File Under: Epistemic

The new collection Glass is Ivy Grimes’s second book released this year, following the novella Star Shapes. This new collection chronicles characters’ travails in both realistic and mythic settings; there’s also another visual and tactile element that recurs throughout the collection, and you can probably guess what it is from the book’s title. (Grimscribe Press; Aug. 23, 2024)

Daniel Braun compared some of the stories in Elad Haber’s The World Outside to the works of Angels Carter, so that’s a good way to pique my interest. Haber’s fiction runs the gamut from revisiting the raw stuff of fairy tales to using the apocalyptic as a kind of parable. That sounds like a recipe for an ambitious and compelling collection. (Underland Press; July 16, 2024)

What happens when portal stories and political theory converge? That’s the concept at the center of Pam Jones’s novel Animalia, about a group of young people who travel to another dimension where the environment is more primal and the society’s residents get in touch with nature in unexpected ways. (Spaceboy Books; July 31, 2024)

Joanna Russ’s 1980 novel On Strike Against God is something of a departure from her usual writing—including the fact that it finds her working in a more realistic mode than the bulk of her other fiction. Writing about this book in these pages in 2011, Lee Mandelo said, “it’s eminently quotable, and it captures quite a lot of authentic emotion, which is valuable fictionally and personally.” This new edition also features an interview with Samuel R. Delany. (Feminist Press; July 23, 2024)

File Under: Horrific

In a 2021 interview with Gwendolyn Kiste, Rick Claypool said, “I always sort of have one foot in the like, weird speculative fiction camp and one foot in the offbeat literary camp.” His new novel Skull Slime Tentacle Witch War is his latest foray into fiction, and includes a character who can literally vomit knives. As intriguing details go, that’s especially so. (Anxiety Press; July 1, 2024)

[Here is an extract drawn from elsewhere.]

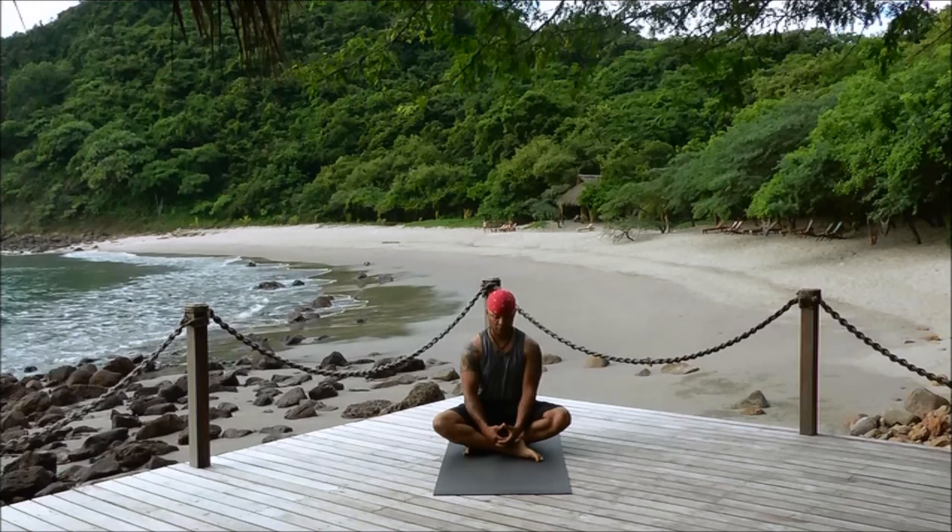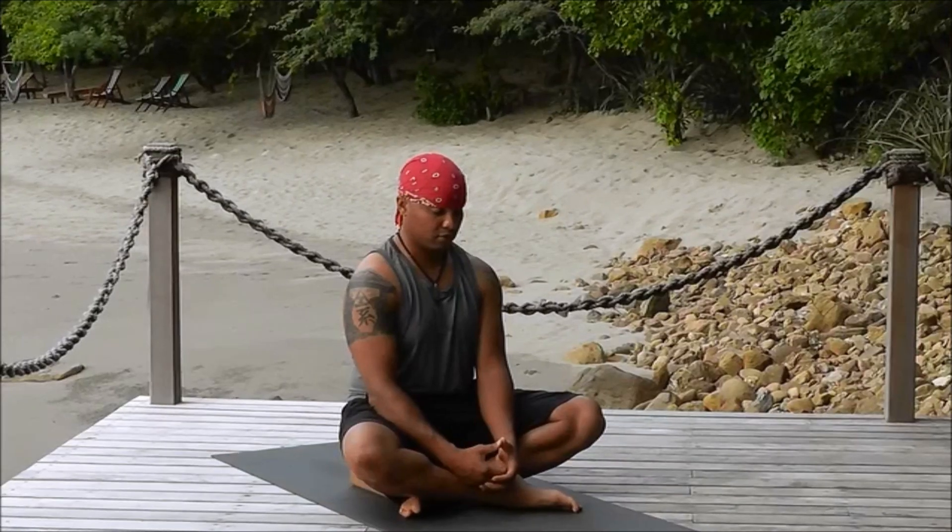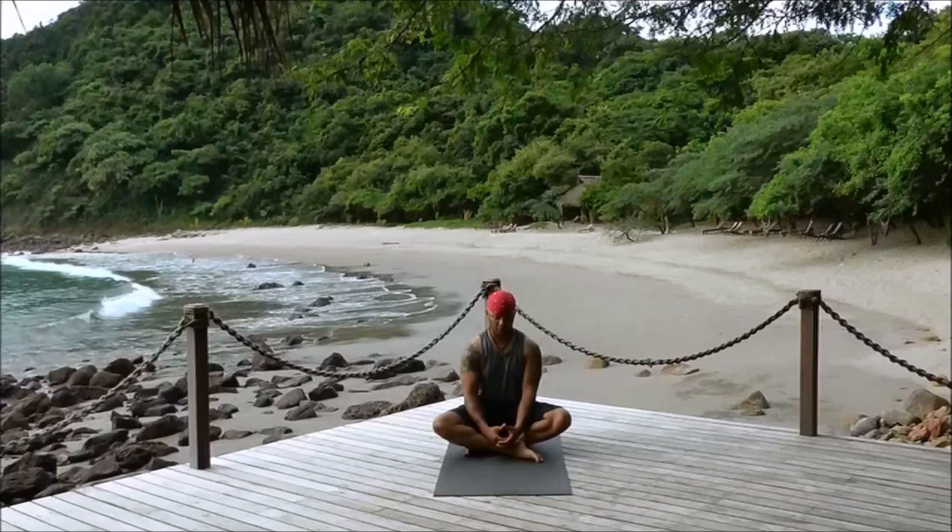Allow yourself the space to come into your breath. Begin to deepen your breathing, taking your breath down into your abdomen, expanding through your rib cage, opening up through your throat, and then moving it through — keeping a long spine as you gather yourself into this moment. Keeping your breath going, finding ease in every way as you establish your practice.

The fundraiser for editors Vaughn A. Jackson and Stephanie Pearre’s anthology Beyond the Bounds of Infinity described it as “an anthology of cosmic horror and weird fiction populated with stories written entirely by people from marginalized groups.” The editors added, “we want to bring forth stories that would make H.P. Lovecraft roll over in his grave.” The lineup for this includes contributions by S.A. Cosby and Mary SanGiovanni. (Raw Dog Screaming Press; August 2024)

Scott R. Jones’s unsettling brand of cosmic horror has been appreciated in these pages before. This summer brings with it a new novel, Drill, which involves a plan to do away with a deity. A recent review at 3:AM called this “a curse masquerading as a novel,” which is a thoroughly enticing comparison.  (Word Horde; August 2024)

File Under: Otherworldly

Kirkus’s review of Richard Kelly Kemick’s new collection Hello, Horse made comparisons to “George Saunders and the slackers from Wayne’s World,” which is an intriguing combination. These stories include a number of strange visions of the not-so-distant future—and throw some ghosts into the mix as well. (Biblioasis; Aug. 6, 2024)

Ghost hunters and bizarre creatures with paranormal abilities are among the characters you’ll encounter in the stories within Lena Valencia’s collection Mystery Nights. Valencia’s fiction often ventures to desert landscapes, illustrating the strange and fantastical goings-on that take place there. (Tin House; Aug. 6, 2024)

Even when they don’t completely cross over into the fantastical, Joy Williams’s fiction often trafficks in the surreal and inexplicable. And when Williams does veer into the more uncanny of folkloric—consider The Changeling—the results are especially memorable. As for her new collection Concerning the Future of Souls, that one has the Angel of Death at its core; things are about to get very metaphysical. (Tin House; July 2, 2024)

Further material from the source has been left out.